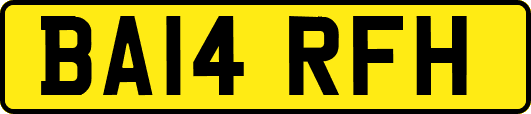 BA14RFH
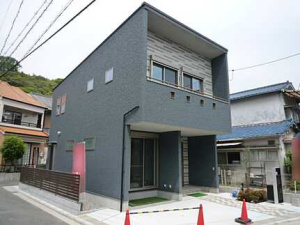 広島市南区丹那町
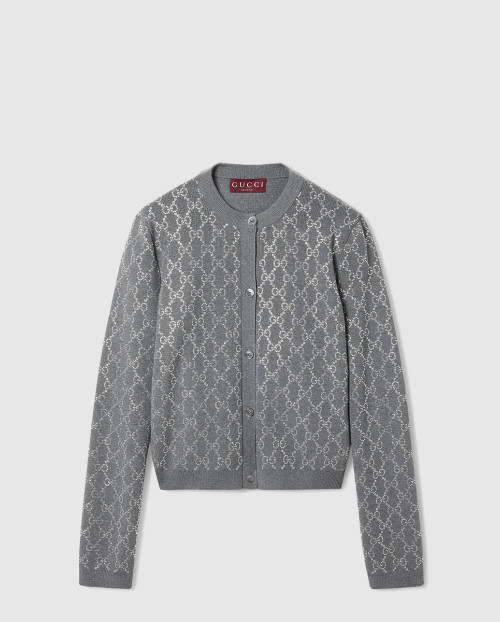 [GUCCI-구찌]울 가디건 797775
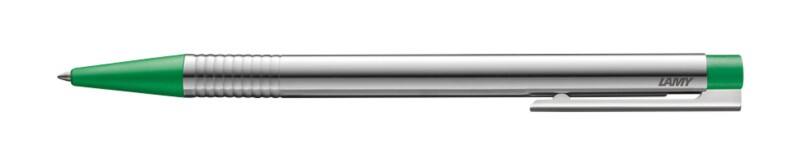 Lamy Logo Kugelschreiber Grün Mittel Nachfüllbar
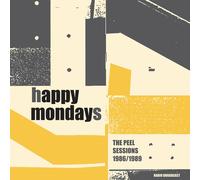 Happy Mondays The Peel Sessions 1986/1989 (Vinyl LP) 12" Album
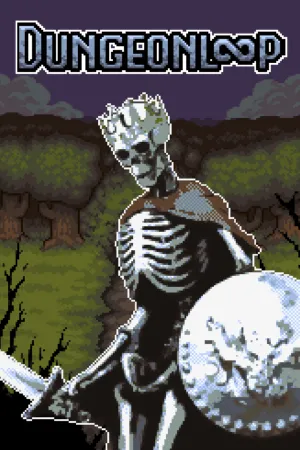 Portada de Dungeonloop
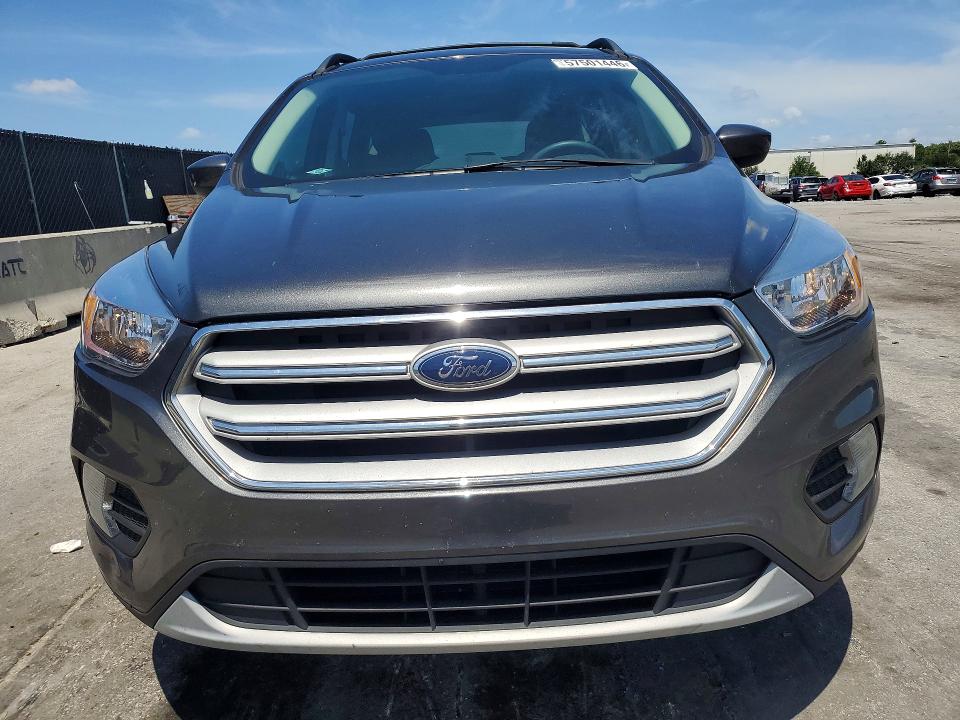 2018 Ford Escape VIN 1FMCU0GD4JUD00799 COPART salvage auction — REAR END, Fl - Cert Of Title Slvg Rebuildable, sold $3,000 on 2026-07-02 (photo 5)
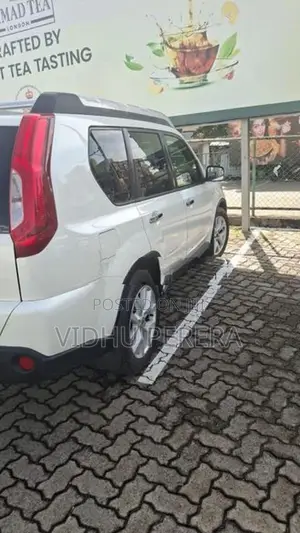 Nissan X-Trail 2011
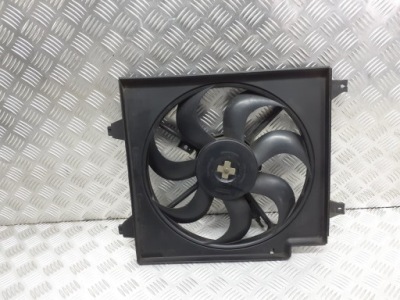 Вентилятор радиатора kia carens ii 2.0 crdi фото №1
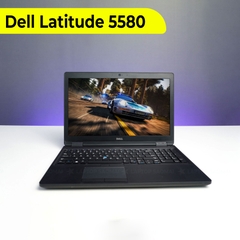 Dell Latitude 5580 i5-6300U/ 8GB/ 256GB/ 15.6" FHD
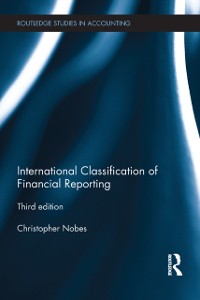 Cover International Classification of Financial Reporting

***

EXERCISE PROMPT:
Print each entry above verbatim, pictures left out.

REPLY:
 BA14RFH
 広島市南区丹那町
 [GUCCI-구찌]울 가디건 797775
 Lamy Logo Kugelschreiber Grün Mittel Nachfüllbar
 Happy Mondays The Peel Sessions 1986/1989 (Vinyl LP) 12" Album
 Portada de Dungeonloop
 2018 Ford Escape VIN 1FMCU0GD4JUD00799 COPART salvage auction — REAR END, Fl - Cert Of Title Slvg Rebuildable, sold $3,000 on 2026-07-02 (photo 5)
 Nissan X-Trail 2011
 Вентилятор радиатора kia carens ii 2.0 crdi фото №1
 Dell Latitude 5580 i5-6300U/ 8GB/ 256GB/ 15.6" FHD
 Cover International Classification of Financial Reporting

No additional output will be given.